Retour d’expérience : les contraintes de restructuration d’un hôtel dans le Marais, à Paris
Fabrice Knoll présente la restructuration d’un hôtel parisien, dans le Marais. Cet espace, peu prisé dans les années 60, a aujourd’hui une grande renommée. Les porteurs du projet ont dû faire face à de multiples contraintes afin de pouvoir réutiliser l’existant. En effet, l’hôtel contenait des vestiges historiques, dont un mur composé des pierres appareillées, possible reste de l’ancien cloître Sainte-Catherine. De plus, la structure du bâtiment, en bois et pierre, avait été complexifiée au fil des anciennes rénovations.
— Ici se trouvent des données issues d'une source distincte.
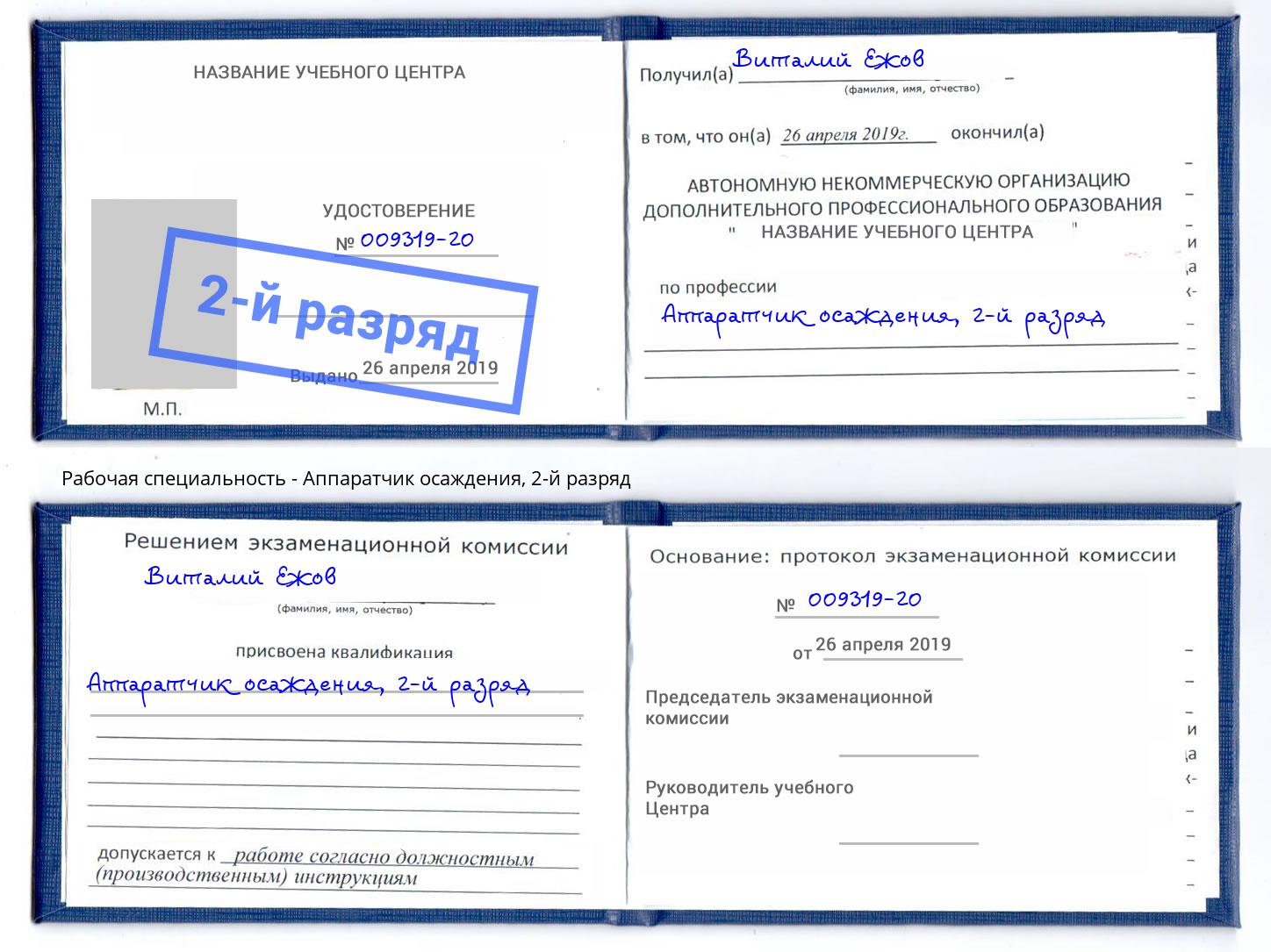 корочка 2-й разряд Аппаратчик осаждения Новокуйбышевск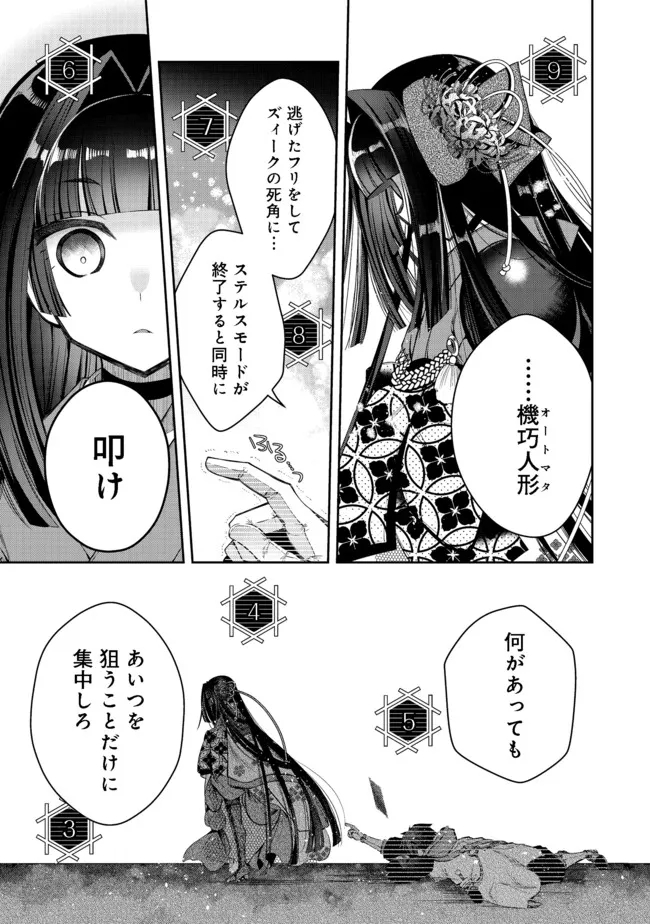 リタイヤした人形師のＭＭＯ機巧叙事詩 第15話 - Page 17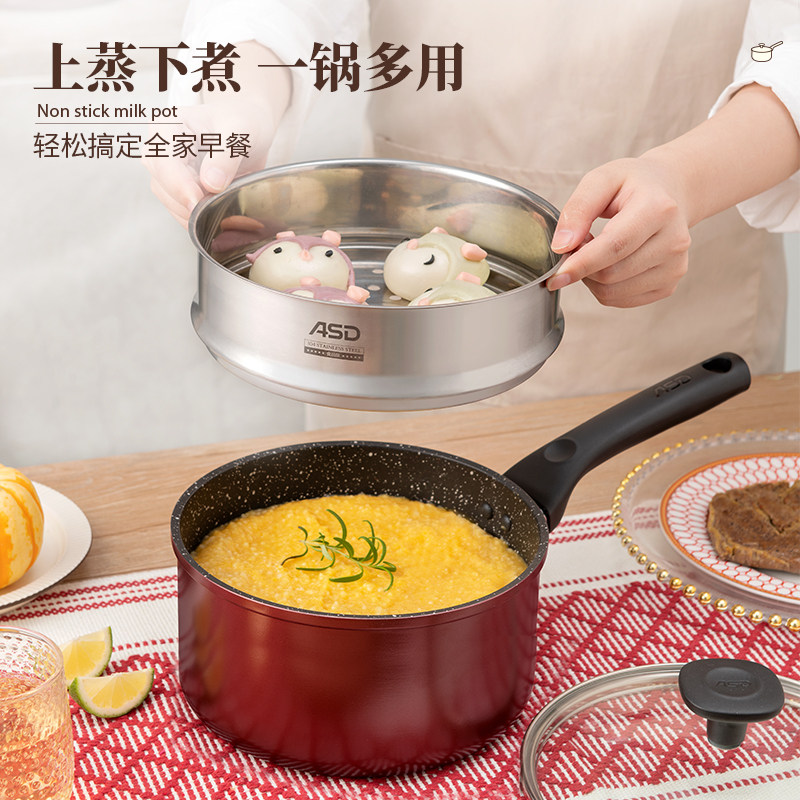 Aistar Milk Pot Baby Food Pot Infant Household Non-Stick Pot Small Pot Milk Warming Pot Noodle Cooking Pot Instant Noodle Pot Soup Pot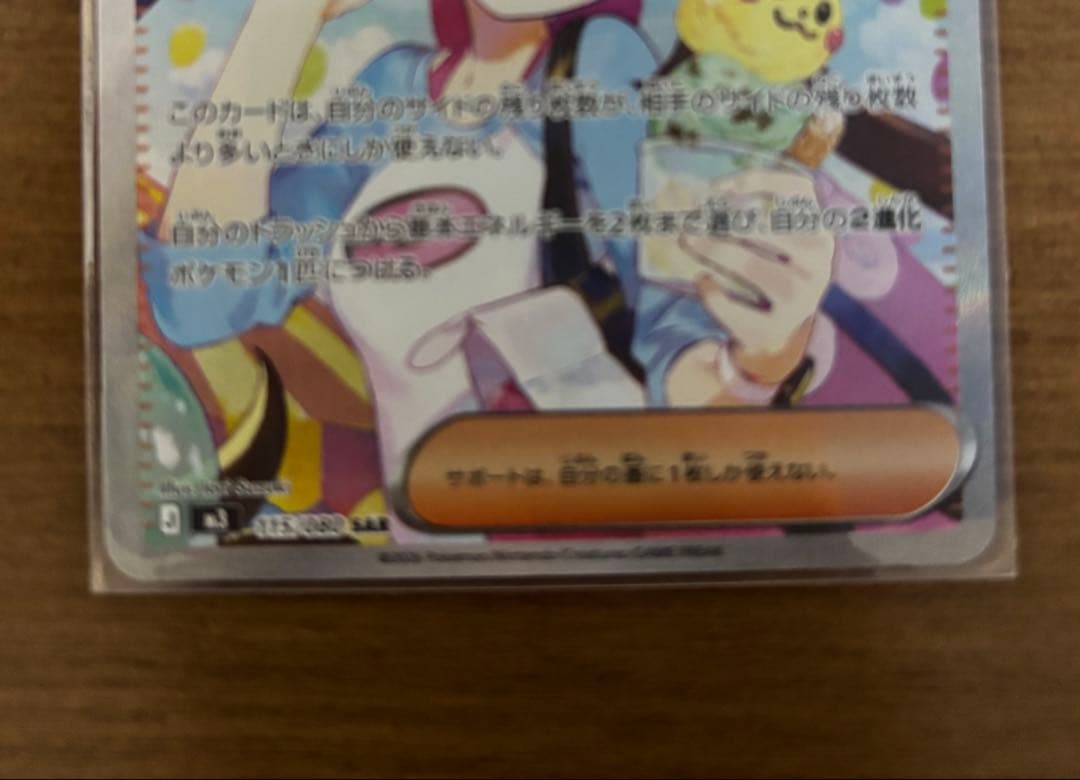 ポケモンカード　メイのはげまし　SAR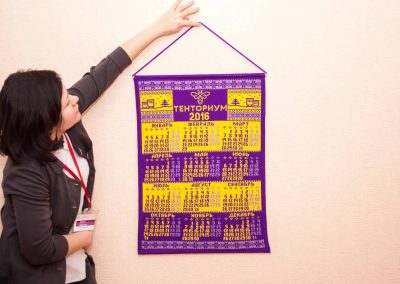 Группа предприятий «Тенториум»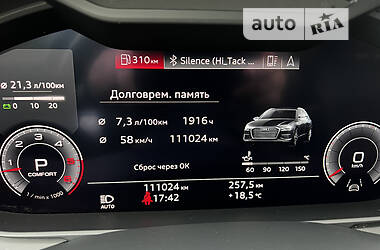 Универсал Audi A6 2018 в 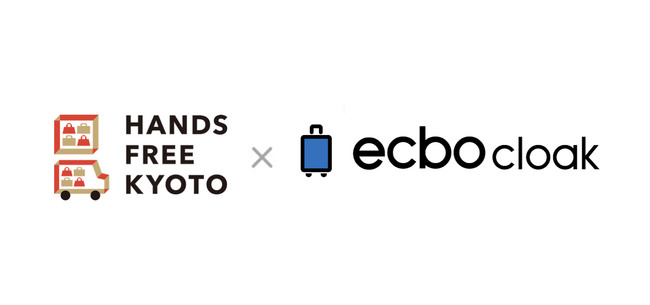 ecbo、京都駅にて臨時の手荷物一時預かり・当日配送サービスを提供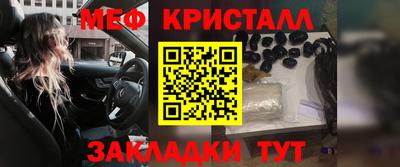 герыч Краснознаменск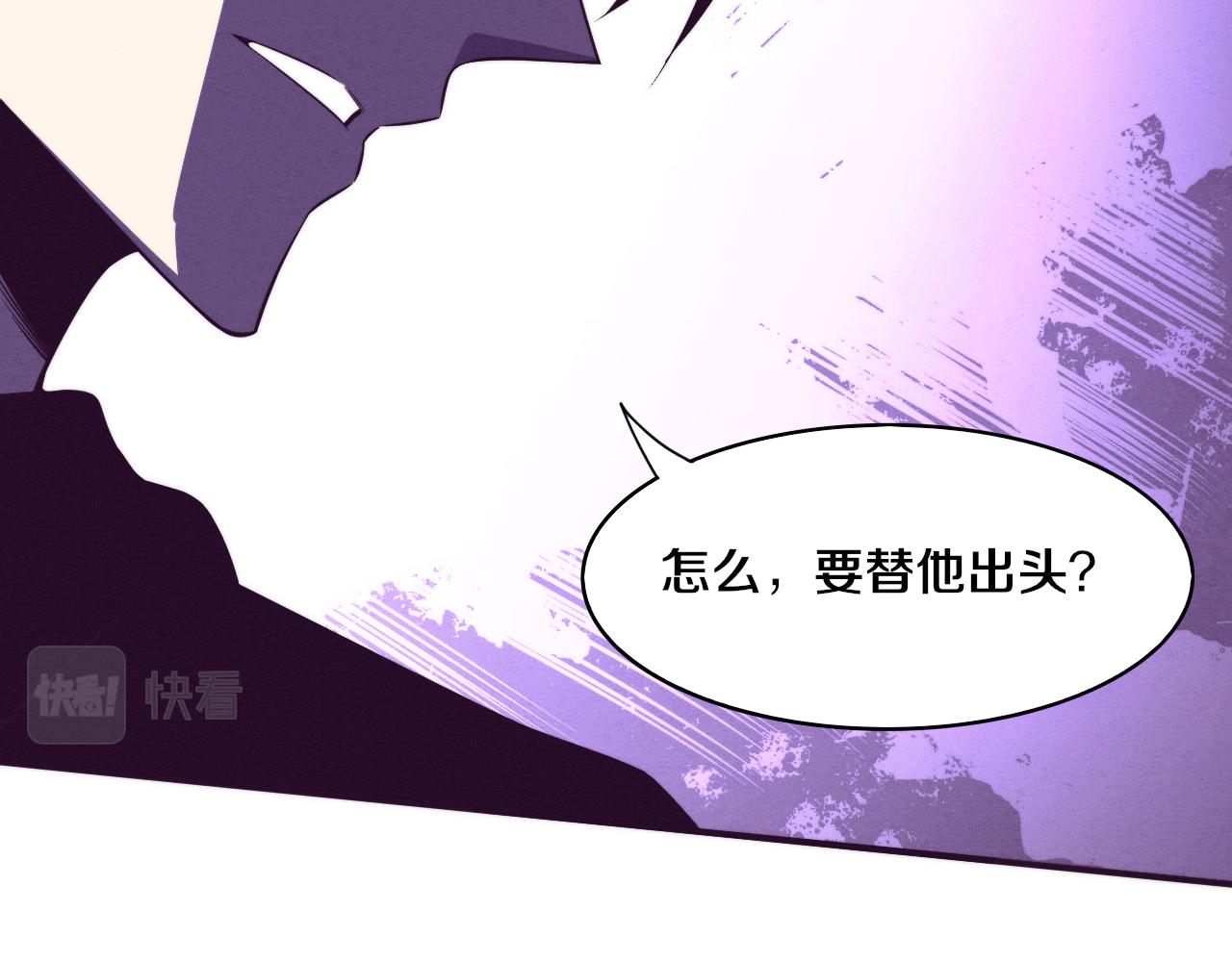 第79话 炎黄支援抵达48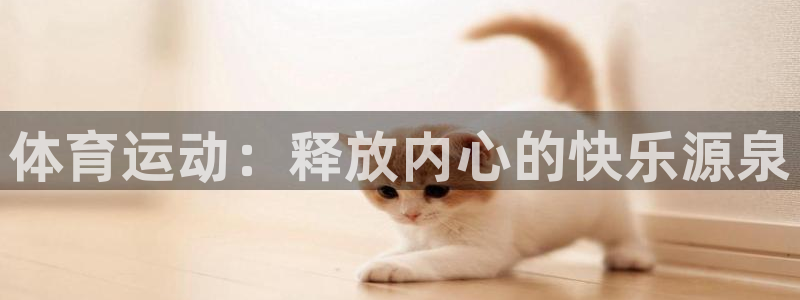 意昂体育4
Il y avait par exemple une poutre qui aurait été utilisée dans un bateau auparavant. Les travaux de restructuration ont donc dû prendre en compte ces éléments. Pour Fabrice Knoll, cela nécessite d’avoir un maitre d’ouvrage et un Architecte des Bâtiments de France engagés sur les questions environnementales, historiques, urbaines et architecturales.
Former les acteurs du secteur
Selon les intervenants, la formation est un levier indispensable du bas carbone. Selon Marjolaine Meynier-Millefert, « le sujet, c’est de rendre toutes ses compétences accessibles à tous ». Pour l’instant, la rénovation, « ce n’est pas à la portée de tout le monde ». Or, le secteur du bâtiment a perdu 250 000 emplois dans les dernières années, notamment suite aux départs à la retraite pas remplacés et à la baisse du nombre d’élèves dans les formations. Pour la députée, il faut miser sur le « décloisonnement des compétences », ainsi que réduire la fracture numérique : toute entreprise du BTP doit pouvoir s’approprier les outils BIM. Julien Burgholzer est également de cet avis : il est nécessaire d’avoir un « décloisonnement complet des façons de concevoir un projet, entre les acteurs » pour atteindre la neutralité carbone. Enfin, François Liermann insiste sur l’importance de : « renouveler les savoir-faire avant qu’ils disparaissent ». Le réemploi, par exemple, demande de savoir déposer/poser les matériaux concernés. Il faut donner sens à des gestes comme le réemploi, afin de pouvoir les démocratiser.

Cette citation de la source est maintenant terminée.